Larger and smaller crystalline complexes that emerged from the Variscan orogeny and therefore belong to the Variscan basement, characterize the surface geology of Central Europe. A particularly large crystalline complex is the Bohemian mass . To a lesser extent, crystalline (Variscan) basement rocks u. a. in the Black Forest , Odenwald and Spessart as well as in the Thuringian Forest , whereby these crystalline rocks belong to a different structural unit of the varistic than the predominant part of the Bohemian mass, namely the so-called Central German Crystalline Zone (also called Central German Crystalline Threshold). Particularly old crystalline is particularly large on the continental shields .
Crystalline also comes to light in geologically young fold mountains such as the Alps . This is partly due to the incorporation of pre-Mesozoic crystalline complexes (so-called old crystalline ) into the Alpine orogen (e.g. the Mont Blanc massif ), but partly these crystalline complexes were only formed - at least partially - in the course of the formation of the Alps (e.g.
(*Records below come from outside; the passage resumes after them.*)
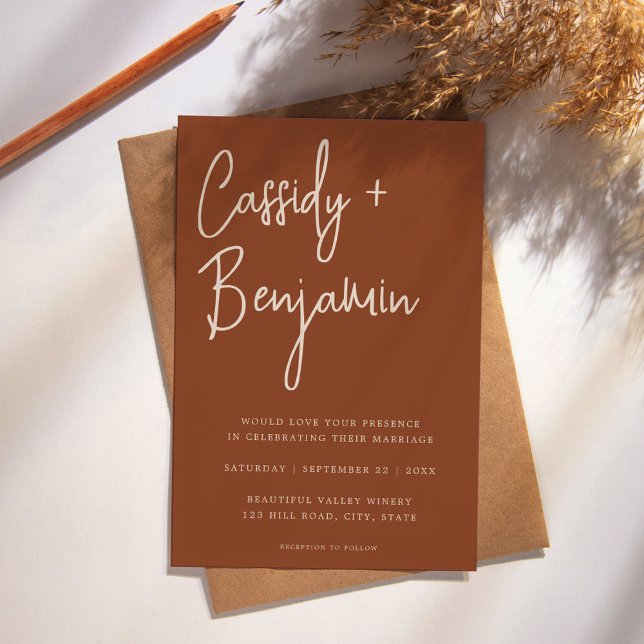 Minimalist Terracotta Script Modern Wedding Invitation (Creator Uploaded)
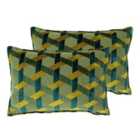 Paoletti Delano Twin Pack Polyester Filled Cushions Teal/Gold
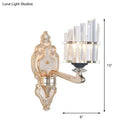 GobekUsa Modernist Conical Shade Wall Light Fixture with Crystal Rods - Gold - Ideal for Living Room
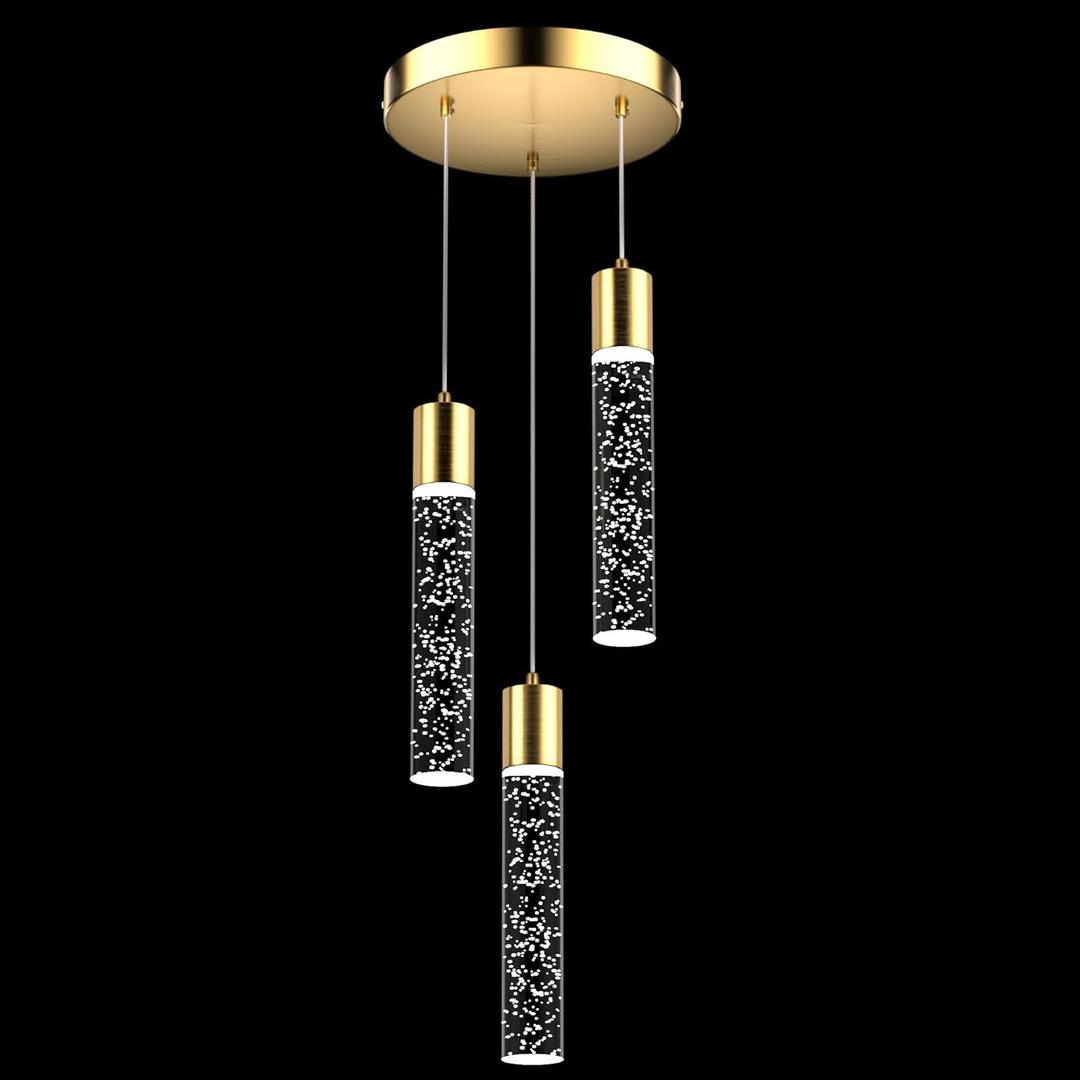 Pendant Lights Kitchen Island 3-Light, 6500K Modern Kitchen Island Lights Ceiling Lighting Fixtures with Crystal Bubble, Integrated LED Cold White Hanging Light Dining Room Light Brushed Gold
B. the Tauern massif ).
Individual evidence
- ↑ Klaus Reinhold: Depth of the crystalline surface in Germany. Federal Institute for Geosciences and Natural Resources, Berlin 2005 ( PDF; 7.1 MB ), p. 7
- ↑ Roland Vinx: Rock determination in the field. 4th edition, Springer-Verlag, 2015, ISBN 978-364255418-6 , p. 18
- ↑ sometimes even more than 100 kilometers, see Hans Massonne, Allen Kennedy, Lutz Nasdala, T. Theye: Dating of zircon and monazite from diamondiferous quartzofeldspathic rocks of the Saxonian Erzgebirge - hints at burial and exhumation velocities . In: Mineralogical Magazine . tape 71 , no. 4 , 2007, p. 407-425 ( PDF; 2.5 MB ).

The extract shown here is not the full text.